Talon Voice Integration

formatters.py defines several Talon captures and actions that bridge voice input with the formatting engine.

Captures

  • <user.formatters>: Captures a sequence of spoken formatting commands (e.g., "snake double string") and returns them as a comma-separated list of formatter IDs (e.g., "SNAKE_CASE,DOUBLE_QUOTED_STRING").
  • <user.format_text>: Formats subsequent spoken text on the fly. It supports interspersed ImmuneString elements (such as spoken numbers or symbols captured via <user.formatter_immune>), which are inserted directly into the stream without being processed by the active formatter.
  • <user.format_code>: Specifically handles programming-focused formatting chains.

Actions

The Python file exposes several core actions to the Talon environment:

  • user.insert_formatted(phrase, formatters): Formats and inserts a spoken phrase.
  • user.formatters_reformat_last(formatters): Deletes the last formatted phrase inserted and re-inserts it using a new formatting style.
  • user.formatters_reformat_selection(formatters): Reads the current editor selection, clears it, runs it through the unformatting/formatting pipeline, and inserts the newly formatted text.

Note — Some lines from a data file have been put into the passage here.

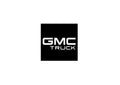 Gmc Truck Logo A4 Photo Print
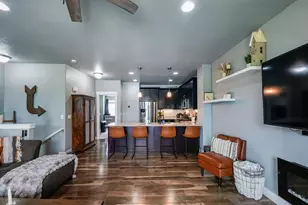 1752 W Nikos Ln, South Jordan, UT 84095 - Photo 11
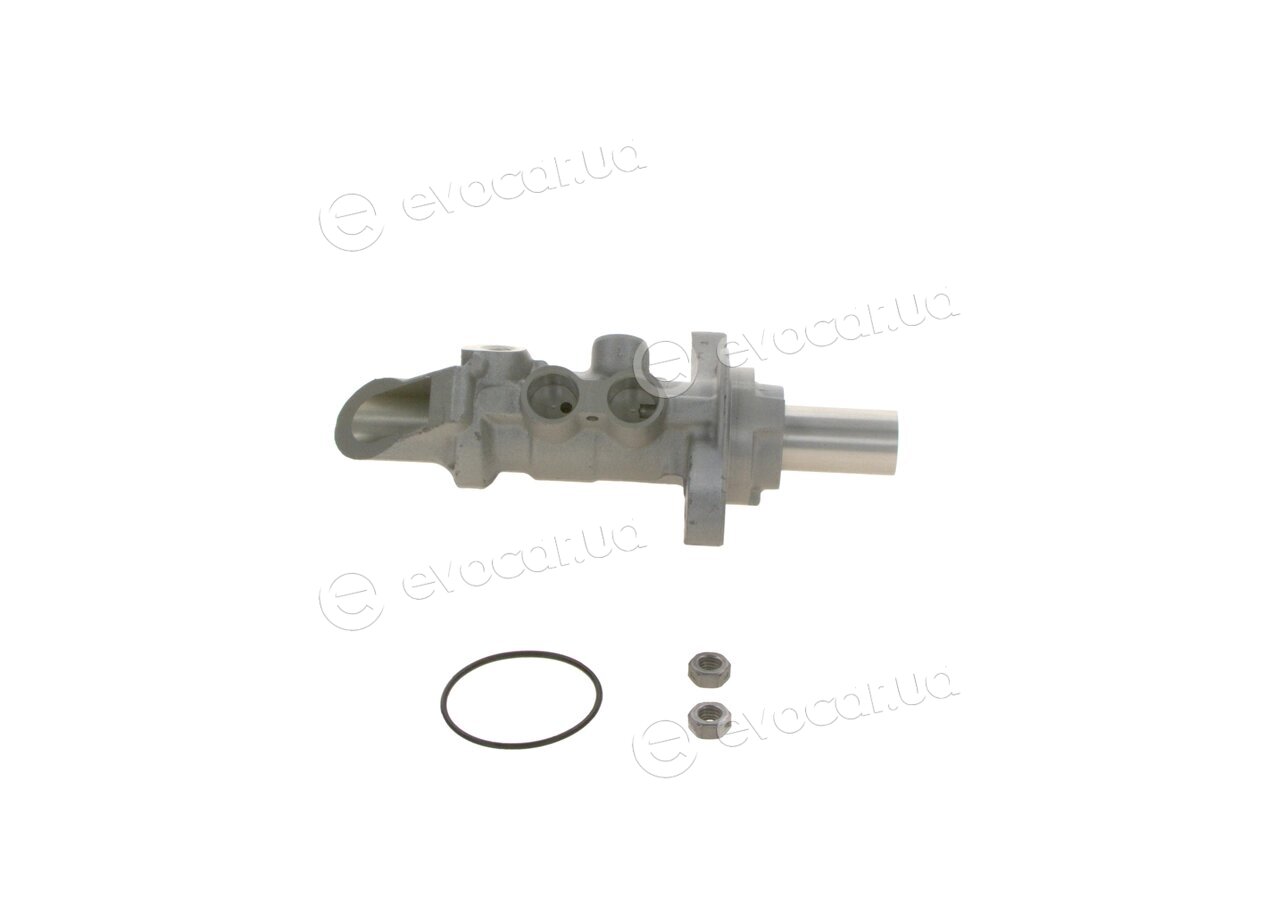 Bosch 0 204 701 708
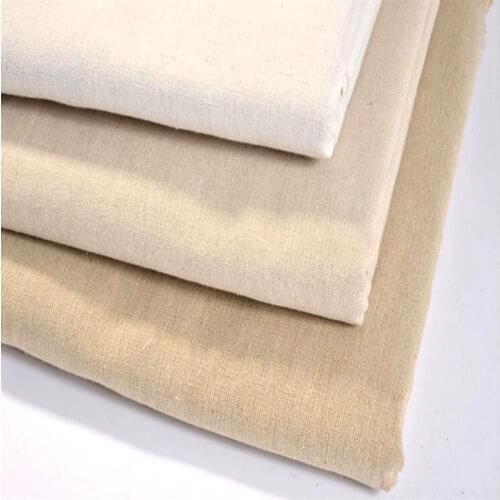 Amyries Linen Fabrics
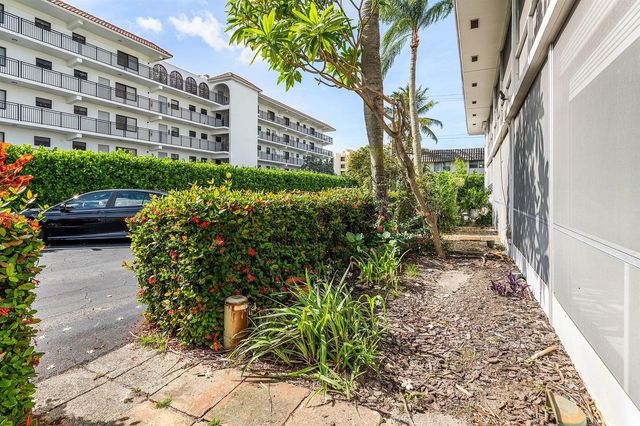 40 SE 13th Street A3, Boca Raton, FL 33432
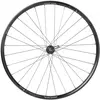Image de Miche Roue Avant Vtt Xm 45 27.5´´ Cl Disc 15 x 100 mm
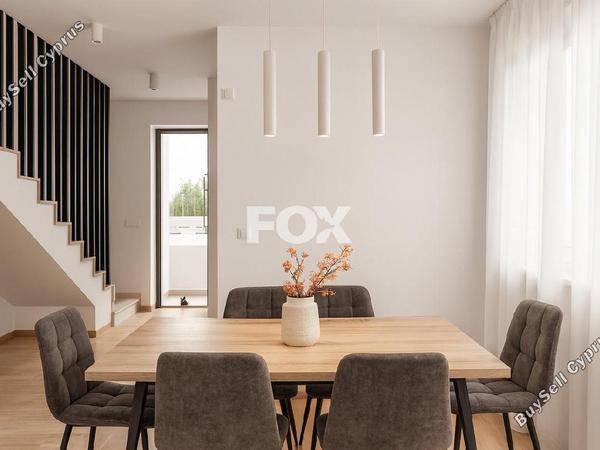 3 bedroom detached house for sale peyia paphos 7660693 image 16396324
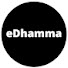 udDaz1ijEO0-channel-avatar-eDhamma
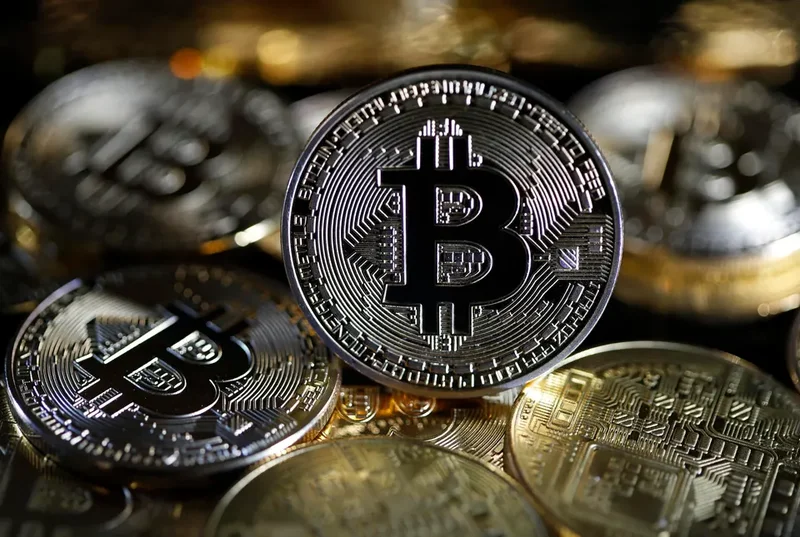 Trump-Linked Bitcoin Venture Reached $2.5 Million Settlement Over Improperly Obtained Loan Allegation
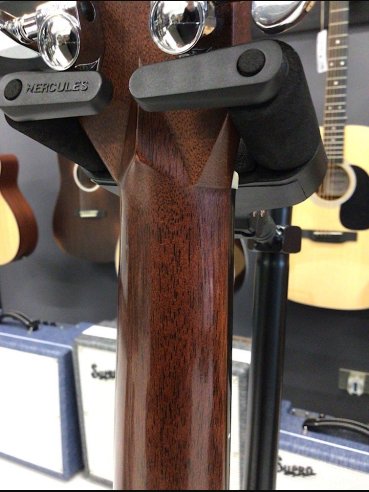 Martin D-28 Chitarra Folk SN 1726387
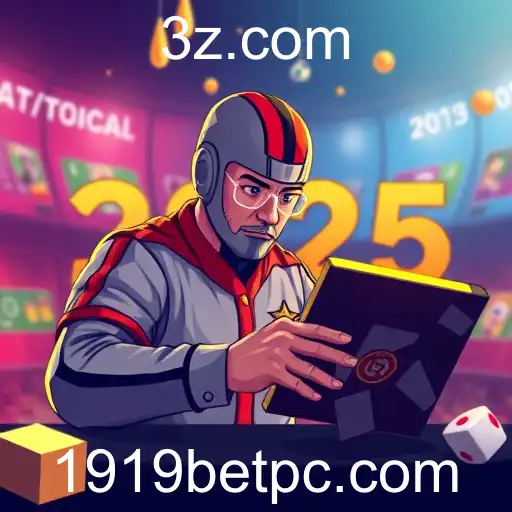 A Ascensão dos Jogos Online e o Impacto em 2025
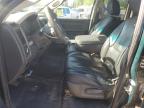 2011 DODGE RAM 1500    à vendre chez Copart OR - PORTLAND NORTH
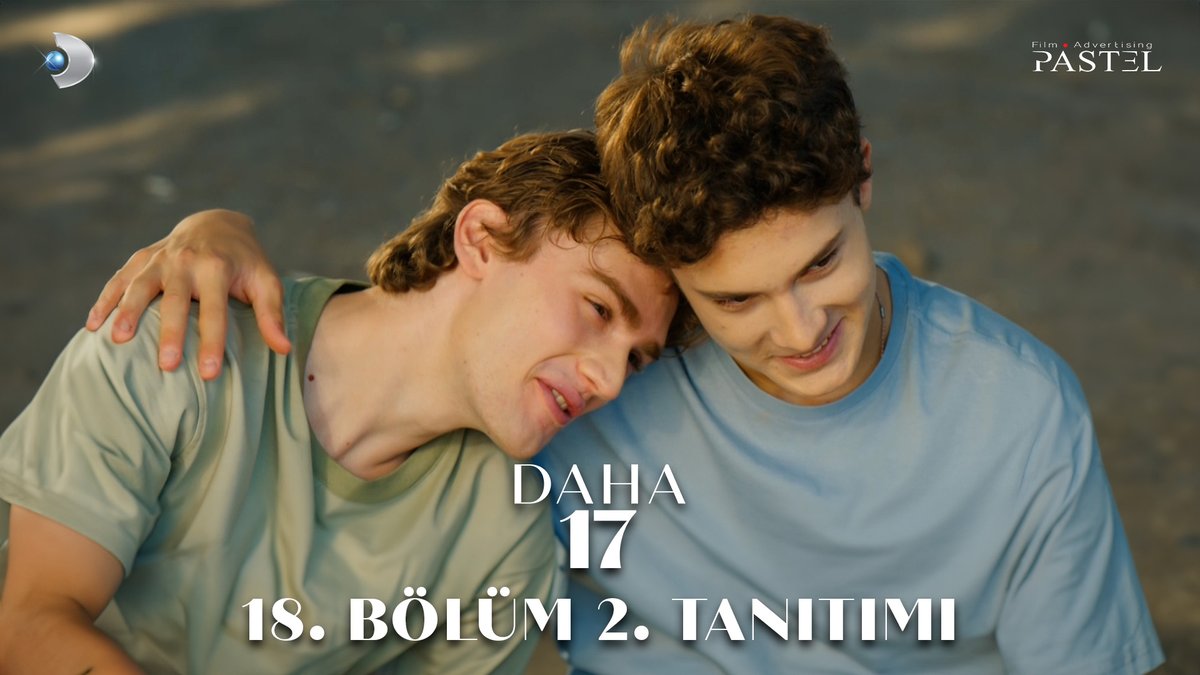 ''Kardeşin duymaz, el oğlu duyar...'' 🥹 #Daha17 yeni bölümüyle pazar 20.00'de sadece #KanalD'de! @kanald Pastel Film
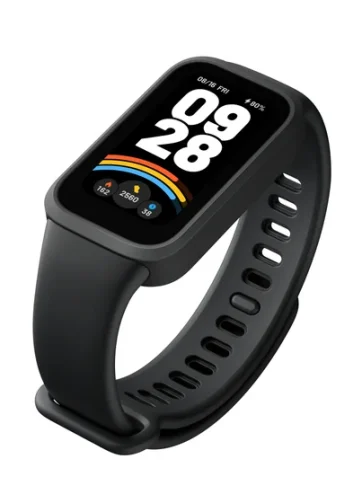 Smartband Xiaomi Band 9 Active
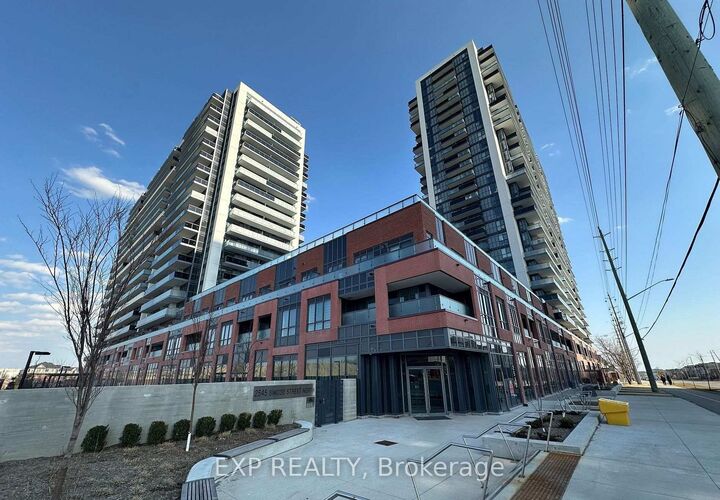 Property Photo:  2545 Simcoe Street N 1937  ON L1L 0W3 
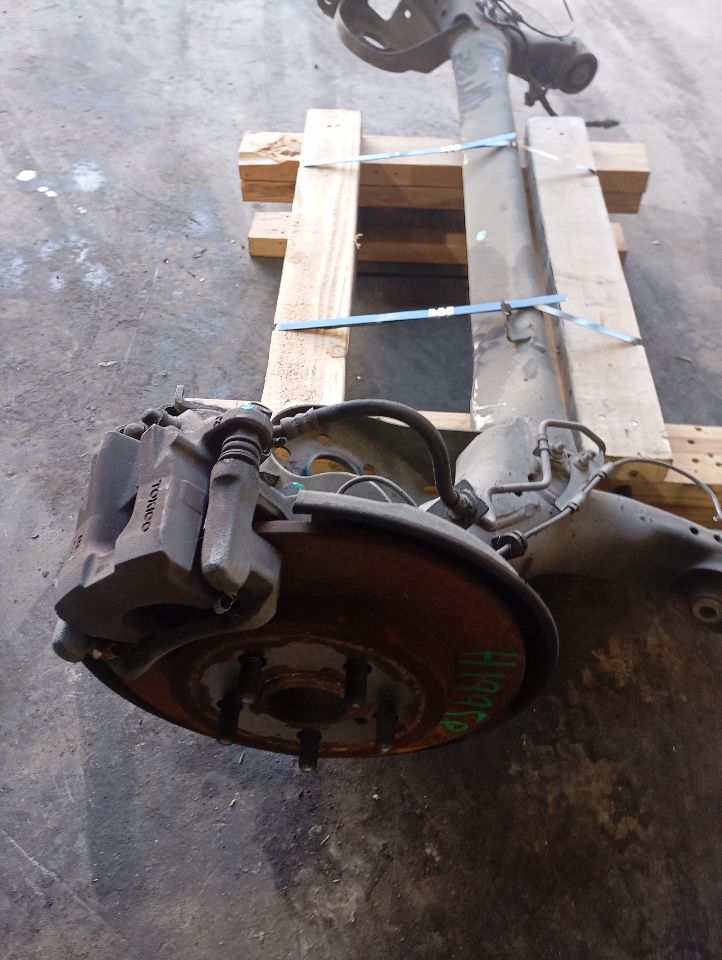 Part image 6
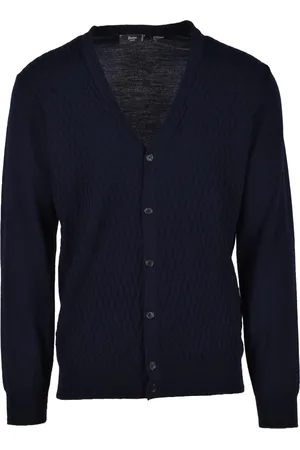 FAMA Cardigan
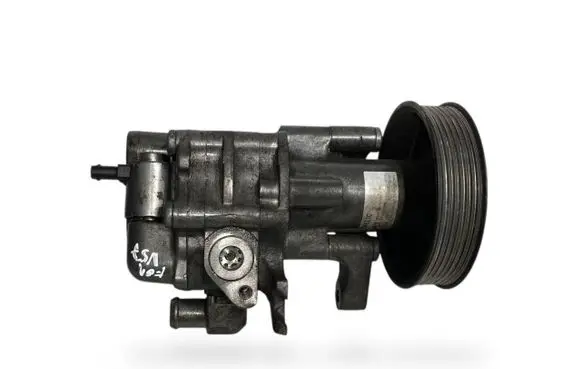 BMW 7 F01 F02 F03 F04 Power steering pump 6776170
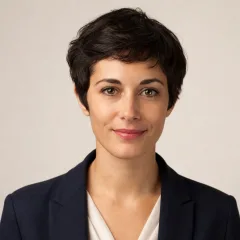 Garance Tellouet
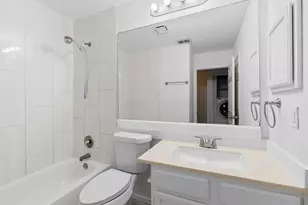 3801 14th St, Plano, TX 75074 - Photo 12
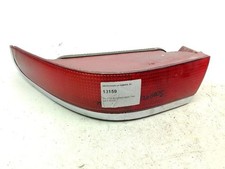 Feu arrière Ford SCORPIO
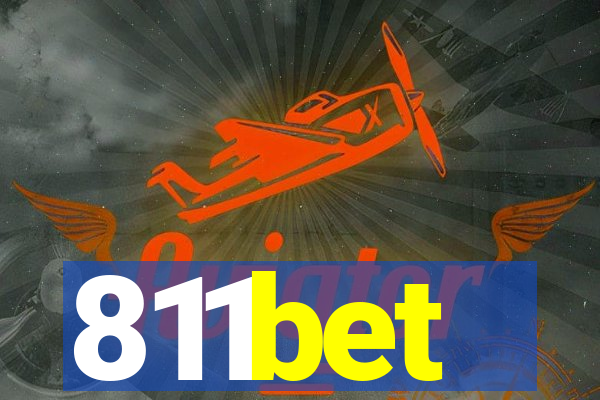 811bet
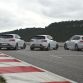 Seat Leon ST CUPRA 7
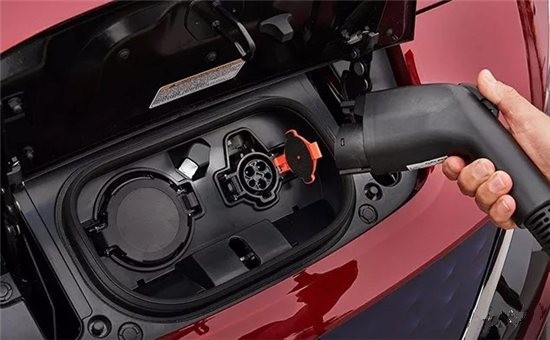 新能源汽車市場頻繁異動為哪般？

Configuration and Spoken Vocabularies

The specific spoken words mapped to formatting behaviors are defined in four Talon list files. These files decouple user-facing vocabulary from the underlying Python logic.

  • code_formatter.talon-list: Maps code-centric spoken terms to their respective formatters. For example:

    • camel maps to PRIVATE_CAMEL_CASE (camelCase)
    • snake maps to SNAKE_CASE (snake_case)
    • constant maps to ALL_CAPS,SNAKE_CASE (CONSTANT_CASE)
    • dub string maps to DOUBLE_QUOTED_STRING ("text")
  • prose_formatter.talon-list: Mapped spoken words for standard dictation and prose. For example, speaking sentence triggers CAPITALIZE_FIRST_WORD, and title triggers CAPITALIZE_ALL_WORDS.

  • reformatter.talon-list: Defines commands dedicated to reformatting selected text. Speaking cap applies CAPITALIZE, and unformat strips out formatting using REMOVE_FORMATTING.

  • word_formatter.talon-list: Configures basic word-level alterations like trot for adding a TRAILING_SPACE or proud to CAPITALIZE_FIRST_WORD.